Bülent Uygun’un bu açıklamalarına malum medyanın tepkisini belirtmeye gerek yok. Bülent Hoca halkın içinden bir insan olarak, dürüstçe ilkelerini anlayışını ve başarısını masanın üstüne koyup konuşuyor. Adam konuşuyor ve yapıyor, zorunuza giden ne? Yıllardır Türkiye’de ve dünyada bir sürü örneği olan bir gerçeği dile getiriyor. Haklı mı? Haklı. Gazze katliamından sonra sahanın ortasına Filistin bayrağını da dikti Sivaslı futbolcular. Oh, işte budur!
Futbol bir hayat tarzıdır.

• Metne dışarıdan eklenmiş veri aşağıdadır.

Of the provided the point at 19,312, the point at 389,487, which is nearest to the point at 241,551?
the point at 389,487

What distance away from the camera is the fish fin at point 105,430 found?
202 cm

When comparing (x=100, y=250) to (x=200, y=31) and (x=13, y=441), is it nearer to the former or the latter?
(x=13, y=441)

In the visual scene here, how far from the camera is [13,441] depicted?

Hayatları maçlar ve antrenmanlarla geçiyor futbolcuların. Yedikleri, içtikleri, takıldıkları mekânlar çok önemli. Bilal Ribery, hedefine kilitlendiği yolda yüksek güven ve huzuru ararken İslamiyet’i bulduğunu söylüyordu. İslam’ın sunduğu hayat tarzı isteyen futbolcular için tam bir ilaçtır. Sivasspor sadece içki ve gece hayatı karşıtlığıyla bunun Anadolu’dan yükselen örneğidir. Her geçen gün Türk ve dünya futbolunun zirvesinde dindar ve Müslüman futbolcu sayısı artıyor. Orta yuvarlaktan soyunma odasına kadar her yerde şükür secdeleri göze çarpıyor. Elmaya armut demekte ısrar edenlere armudun iyisini tavsiye ederiz.